=================================================
【週刊ハンガンネット通信】第553号 (2025年10月18日発行)
「パンマルはいつ使える?」寄田晴代
=================================================
ヘヨ体(-아/어요体)の学習に入ると、パンマルの話をします。
語尾のヨ(요)を取ると、親しい同年代や年下に使えるぞんざいな言い方、いわゆる「タメ口」になるよ、と説明することが多いのですが、使い方には気をつけてね、と付け加えます。
パンマルを使っていい状況というのは、なかなか口で説明しにくいと思っています。
留学生時代、なかなかパンマルがうまく使えなくて苦労した思い出があります。
研究生として、担当教授の研究室で一日中過ごす毎日でした。研究室にいるのは、私と高齢の教授と40代の助教の3人。当然パンマルを使う状況にはなく、それどころか、失礼がないように敬語を使いこなすことに全集中する日々でした。
すると敬語しか話せない外国人になってしまい、韓国の友人たちに「そんなのおかしい」「友達なんだから語尾に요をつけちゃダメ!」とさんざん矯正されることに。
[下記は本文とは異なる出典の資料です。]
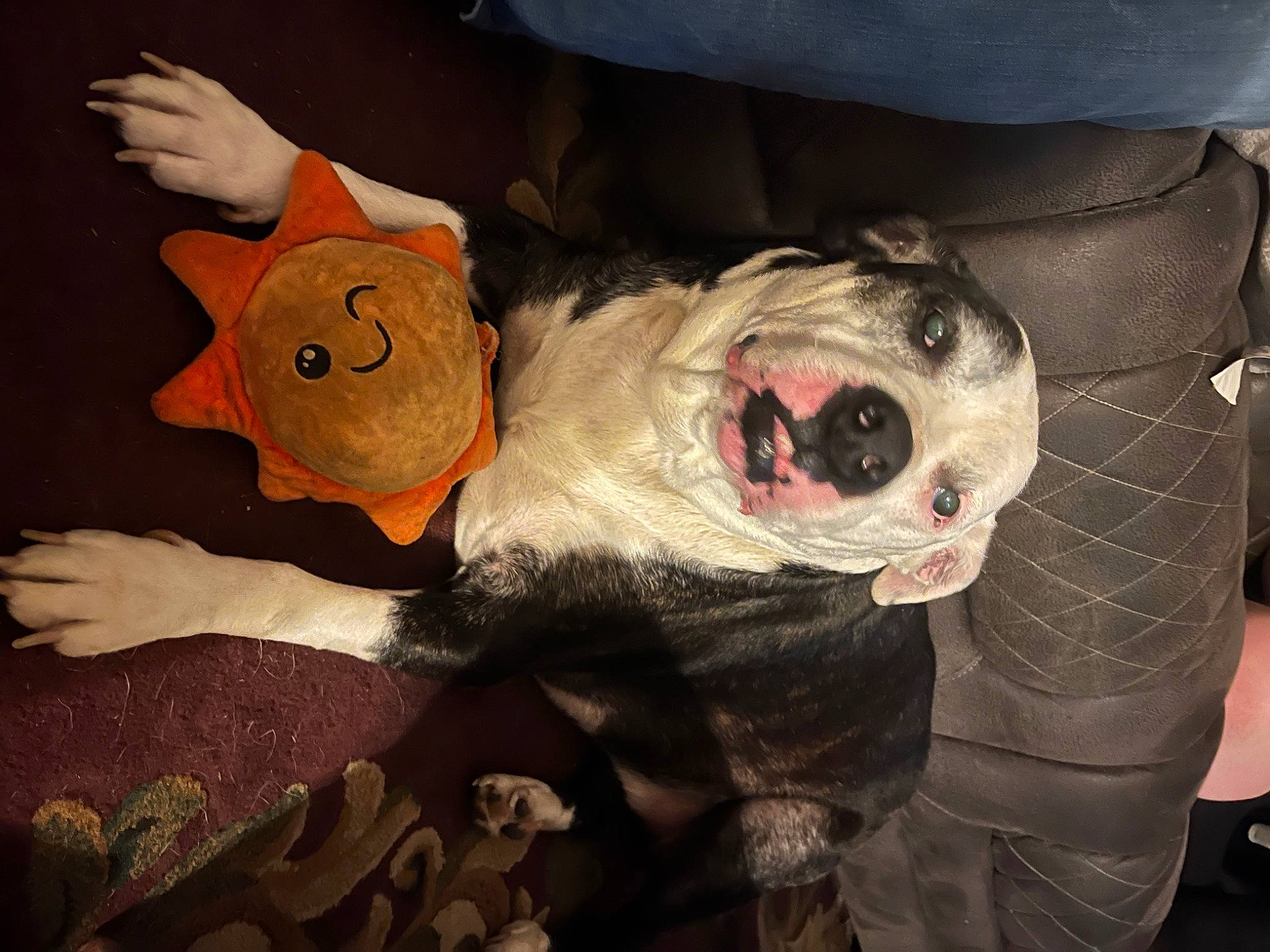 Loki is registered to the contest to win money with this photo: canidae, carnivore, companion_dog, costume, dog, dog_breed, fang, fur, guard_dog, jaw, non_sporting_group, personal_protective_equipment, plush, snout, sporting_group, stuffed_toy, tail, toy, whiskers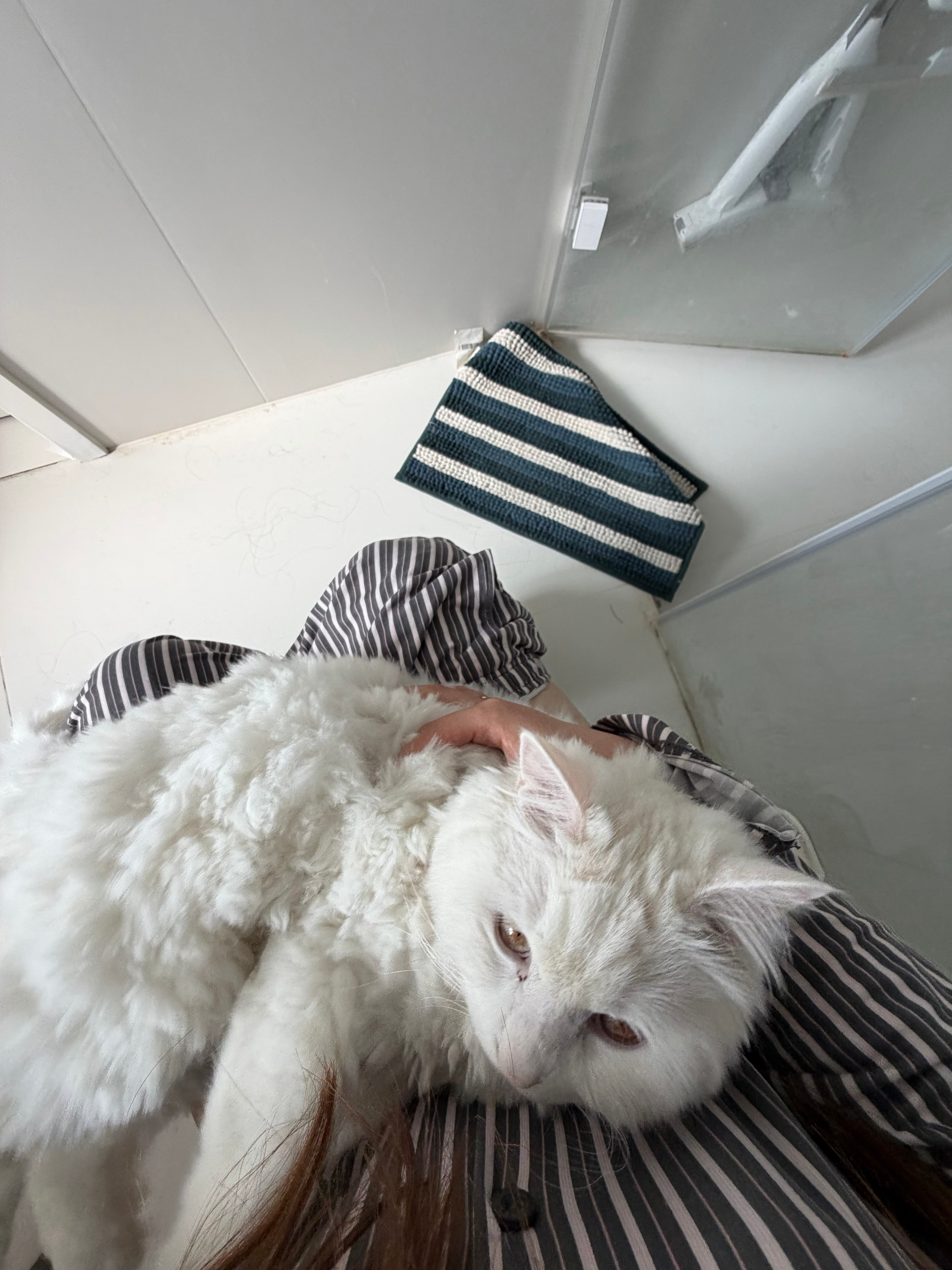 咱不知道这跳跳咋能这么粘人，我拉个粑粑跳跳一直在门口叫，放他进来又在我脚边叫，真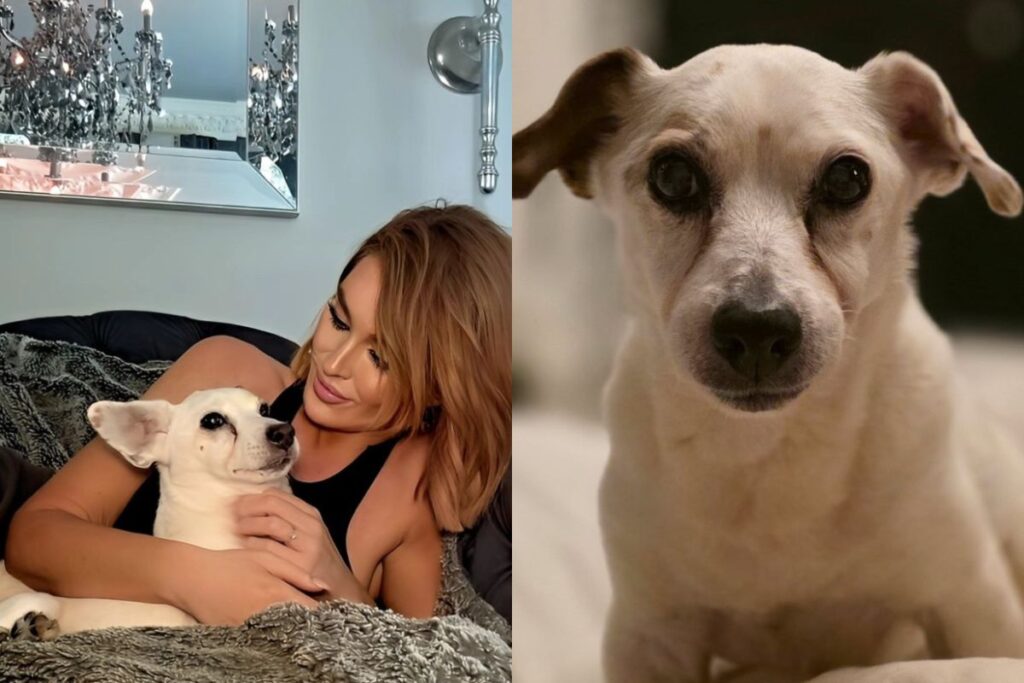 mulher-tatua-cinzas-de-cachorro-nas-palpebras;-saiba-o-motivo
うっかり「~요」と言ってしまうと、友人たちは胸の前で腕をバツを作り、アウトを宣告するのでした。
パンマルが口から出てこなかった理由のひとつが、それがとんでもなく乱暴な言い方に聞こえて抵抗感があったことです。
「이거 먹어」と言われると「これ食べて」ではなく「これ食えや」(抑揚は関西弁)に聞こえていたのです。(ただの妄想ですが)
しかし、親交を深めるためには慣れなくてはいけないと努力した結果、抵抗感も薄れ、そこそこ使えるようになりました。
そこで、お互いまだパンマルを使ったことのない韓国人の友人がいたのですが、私たちもこれからはパンマルで話そう、と提案してみました。すると「今まで通りがいい」と言うではありませんか。
私の頭の中は?でいっぱい。聞いてた話と違うやん。それって、そんなに親しくなりたくないってこと?しょっちゅう会って仲良くしてるつもりだったので、ちょっとショックでした。
残念ながら当時の私は理由を聞き出すほどの語学力がなく「あ、そうなの?아, 그래요?」で終わった記憶があります。
けれども、彼女とはそれ以降も疎遠になるわけでもなく、よくいっしょに遊んでいました。
もうひとつ、パンマルに関する印象的な思い出は日本でのこと。
日本人Aさんが韓国人Bさんに、「です/ます」ではない、砕けた口調(日本語)で話をしていました。二人は同じ職場で顔なじみですが、違う部署で働いています。AさんはBさんより一回り以上年上です。
Aさんが去った後、Bさんが「なんでパンマル使われなきゃいけないのよ。そんな昔からの知り合いでもないのに」とぼやいているのを聞き、年が離れていても、関係性によってはパンマルで相手の気分を害することもあるのか、と思った場面でした。
そういえば、うちの家族にも、パンマルを使って注意された人がいます。
久々に会った親しい元同僚(韓国人)に、嬉しくてパンマルで話しかけたら「話し方が乱暴になりましたね。気をつけた方がいいですよ」と、きれいな日本語でたしなめられたそうです。
年齢、相手との関係性、状況など、いろいろな要素が絡むパンマル使用ラインは、結構難しいと感じています。
学生に「안녕!」とか「알았어」と言われると、どこから説明しようかな、と思うのです。